* Work order
Below are some records; quote exactly the lines from the one that contains "Tummy Tuck Before & After Patient #13016" through the one that contains "SDS-PAGE analysis of Cytospin B Protein.", inclusive, and no others.

* Entries provided
╔══

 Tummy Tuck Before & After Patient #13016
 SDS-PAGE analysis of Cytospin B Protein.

╚══
╔══

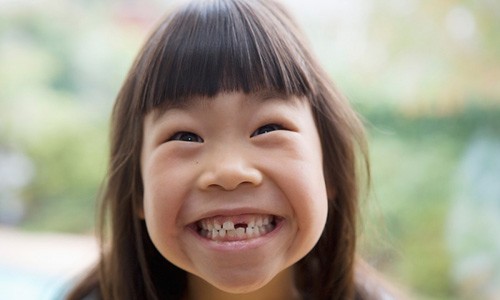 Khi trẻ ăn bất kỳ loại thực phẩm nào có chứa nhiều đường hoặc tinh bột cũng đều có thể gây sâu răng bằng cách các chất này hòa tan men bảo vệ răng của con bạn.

╚══

* Task result
 Tummy Tuck Before & After Patient #13016
 SDS-PAGE analysis of Cytospin B Protein.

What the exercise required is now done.